The doctrine of abandonment was recognized and discussed in Martin v. Coal & Oil Corp., 101 W. Va. 721, 724, 133 S.E. 626, in which the Court said: “While not attempting to point out all these distinctions, we may say an important one, however, is that, since abandonment is a question of intention, the acts of the lessee may indicate his intention to abandon the enterprise he has undertaken under the lease, when these acts would not be sufficient to show neglect or a failure to develop or produce sufficient to entitle the lessor to a forfeiture of the lease.”

*603From the facts alleged, can it be said that the lessee has intended to abandon the lease, and that by virtue of such abandonment he is entitled to have a decree of forfeiture of the lease? We are of opinion that the plaintiff has not alleged sufficient facts to show with reasonable certainty an intention on the part of the lessee to abandon the enterprise, and that in the absence of such facts, the plaintiff is not entitled to a decree of forfeiture of the lease, and consequently no forfeiture or cancellation of the option.

We shall next consider whether the plaintiff has an adequate remedy at law as to the other relief sought by him in this suit, or whether having an adequate remedy at law he may still have the other relief in this suit. In other words, shall equity retain jurisdiction here for the purpose of granting relief on the basis of discovery and accounting as prayed for by plaintiff, even though the main purpose of the suit, namely, forfeiture, is denied?

There are many decisions of this Court relating to accounting and the right of discovery as a basis for an accounting. It is stated “Equity has jurisdiction of a suit for an accounting, * * * when the bill prays for a discovery and alleges facts which show that a discovery is essential to the establishment of plaintiff’s rights.” Syl. 1, Belcher v. Big Four Coal & Coke Co., 68 W. Va. 716, 70 S.E. 712; Blue v. Hazel-Atlas Glass Company, 93 W. Va. 717, 726, 117 S.E. 612; Fredeking v. Grimmett, 86 S.E. 2d 554, (W. Va.).

This Court, in Hays v. Bowser, 110 W. Va. 323, 326, 158 S.E. 169, said “It is equally well settled, however, that equitable and legal remedies are concurrent in matters of account. * * * Equity may entertain a bill on behalf of the owner of property against one entrusted with its operation, when a discovery is needed by the owner and he is entitled to an account.”

In State v. Rodgers, Judge, 138 W. Va. 562, 569, 76 S.E. 2d 690, Judge Lovins expressed the principles, with a citation of authorities, in the following language: *604“ ‘When equity can do complete justice between the parties, it will never turn them out of court to pursue their remedy at law; but a court of equity having complete jurisdiction of the parties and the subject matter, should make such decree as will settle the rights of the parties, do complete justice between them and close the controversy.’ * * * Though equity has jurisdiction upon one ground, a court of equity should give complete relief even ‘in matters as to which, considered alone, it would not have jurisdiction.’ * * * The foregoing rule is qualified to the effect that facts must be alleged in the pleadings and established by proof, i.e., rightfully invoked before the rule is applicable.”

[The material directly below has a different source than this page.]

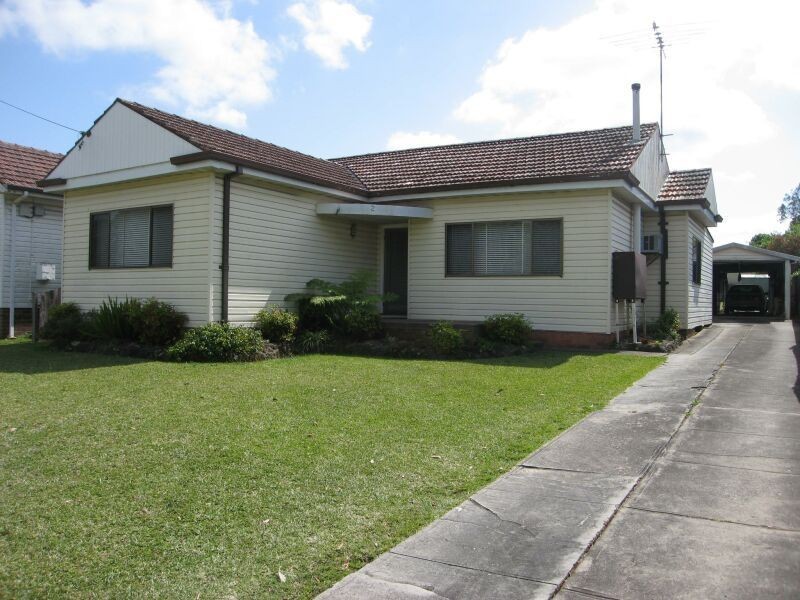 2 Treatt Avenue, Padstow NSW 2211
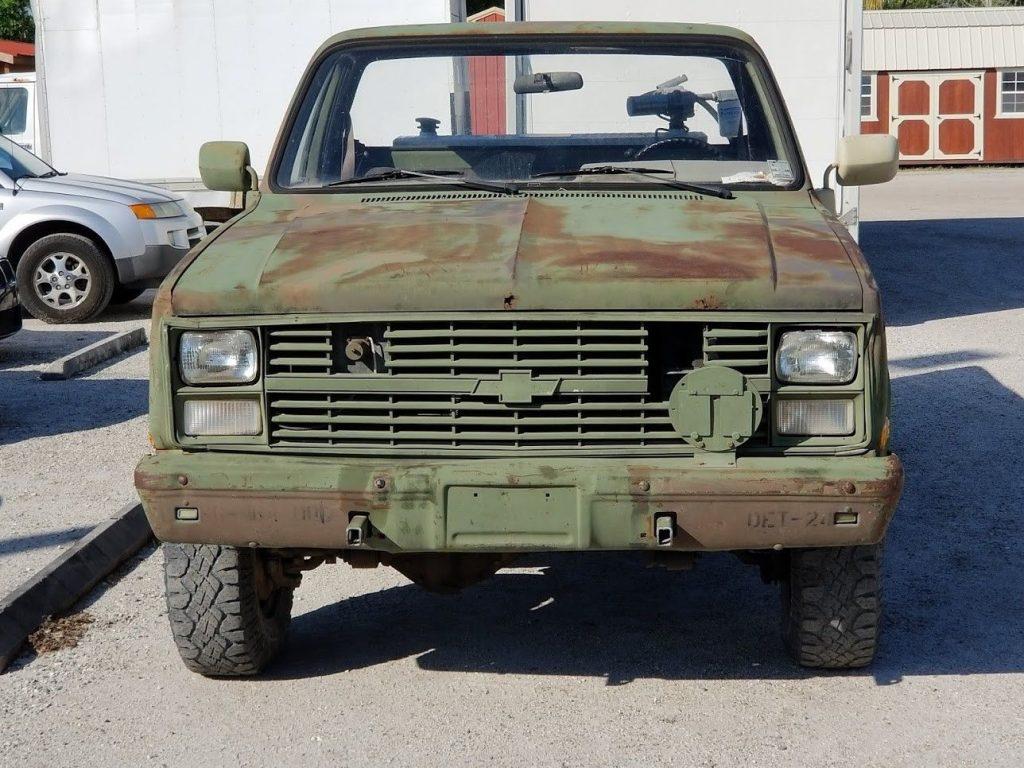 solid 1986 Chevrolet M1008 CUCV military pickup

Also, in Dudley v. Niswander, 65 W. Va. 461, 64 S.E. 745, there is the following language: “ ‘ Equity has jurisdiction of a bill seeking to substitute an equitable for a legal forum when there is a prayer for discovery and there are averments showing the indispensibility thereof ’ ”. And this Court has further held “The facilities of a court of equity are much better adapted to settle a complicated account, particularly when a discovery is sought, than are the facilities of a court of law.” Dankmer v. City Ice & Fuel Co., et al., 111 W. Va. 676, 163 S.E. 430. See also 6 Michie’s Jurisprudence, page 190, Discovery, §5; 1 Hogg’s Equity Procedure, Third Edition, Chapter 8.

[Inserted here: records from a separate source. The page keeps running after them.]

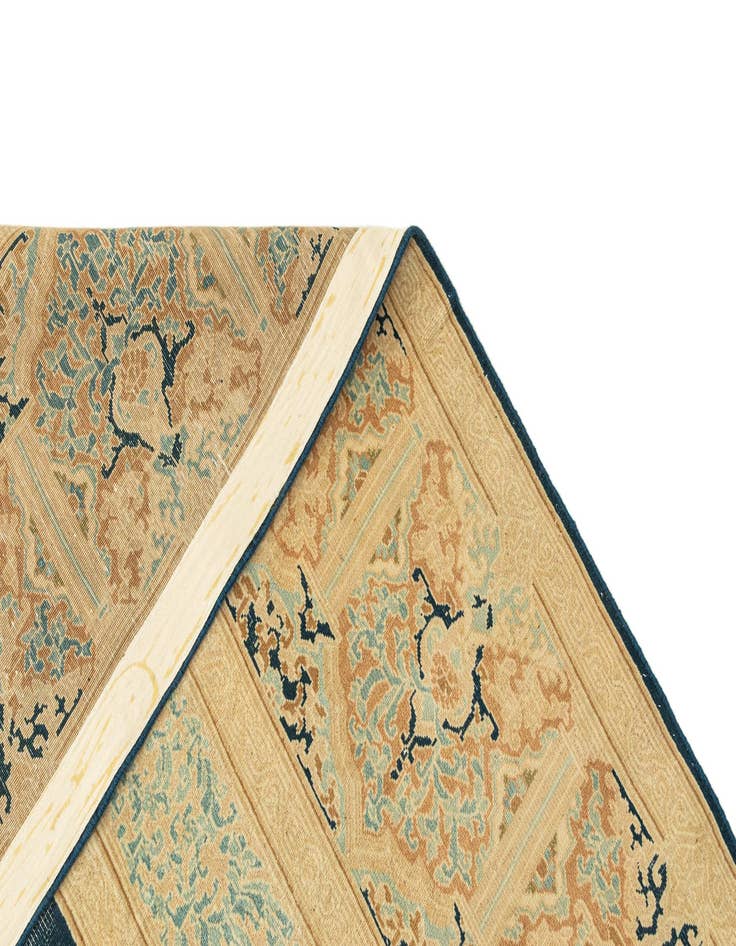 Detail image of  9' 3 x 11' 11 Vintage Royal Rug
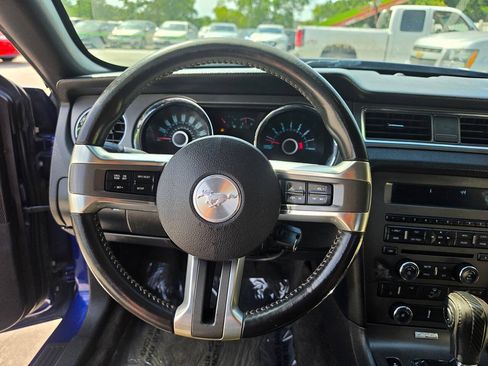 Used 2013 Ford Mustang Coupe RWD image 38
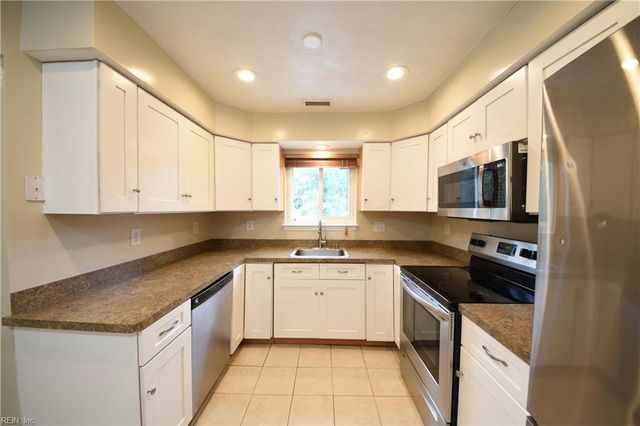 5321 Bayside RD, Virginia Beach, VA 23455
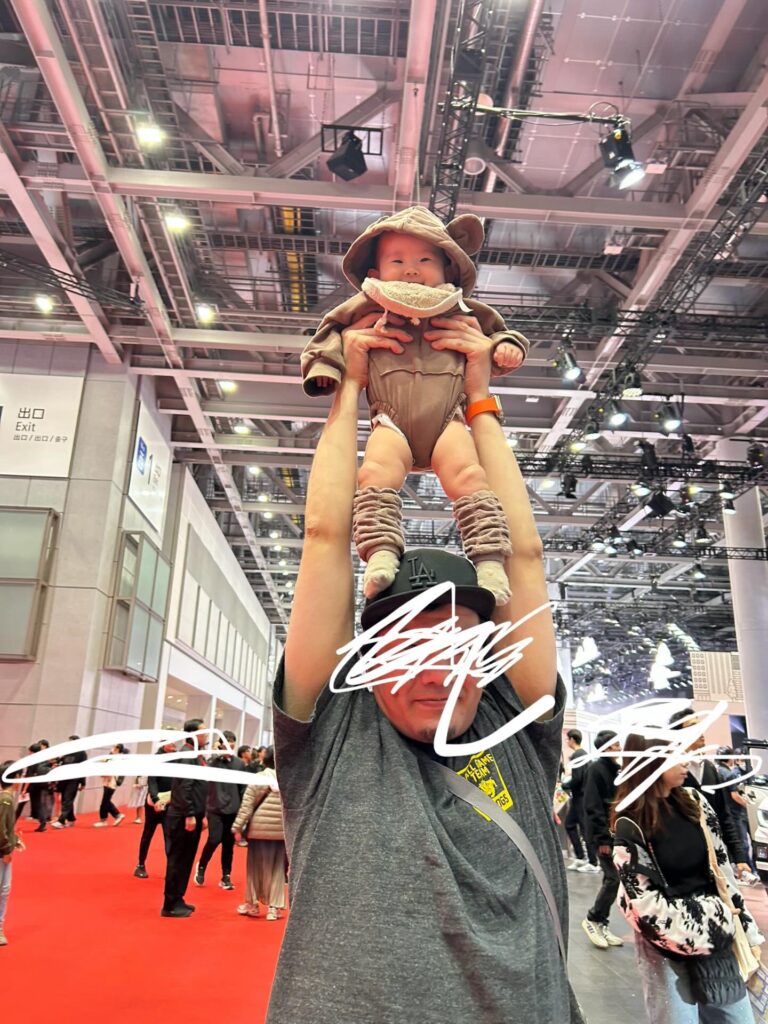 娘さんを目印にしたパパさん（＠rairaimama24さんより提供）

The plaintiff’s bills of complaint are phrased and drawn primarily for the purpose of pleading a case of forfeiture of the lease and option, and only secondarily for the purpose of discovery and accounting. Apparently the plaintiff is not as much concerned with seeking a recovery of what royalty might be due him as he is with the recovery of the possession of the property, hence the paucity of extensive allegations as to the need for discovery and accounting. In addition to the allegations relating to the lack of development, the small amount of royalty received and the improper use of the property, the plaintiff has alleged “the need for discovery of whether the-true and accurate amount of coal *605shipped from said premises is the same as that reported to your plaintiff has been paid the full amounts due by defendant”. And in the prayer of the bill, plaintiff prays for “an accounting of the tonnages of coal removed from said premises, the information for which was not furnished monthly to your plaintiff, and is peculiarly within the knowledge of the corporate defendant herein, discovery of the amount of coal transported, by truck and by railroad weight, or otherwise, the amount of custom coal removed and sold, and a court of law being inadequate to render the plaintiff the relief he seeks and to which he is entitled, that this Court of Equity takes cognizance of the complete matters between and among the parties to this suit”. The matter of discovery is often necessary to an accounting, and an accounting is likewise often necessary in order to determine whether there is anything due under such a contract as is here involved. Furthermore, it can hardly be gainsaid that courts of equity in most instances afford more convenient and more thorough procedure for determining satisfactorily such matters. May then these allegations be considered sufficient for the Court to retain jurisdiction of this cause for the purpose of either discovery or accounting, or both?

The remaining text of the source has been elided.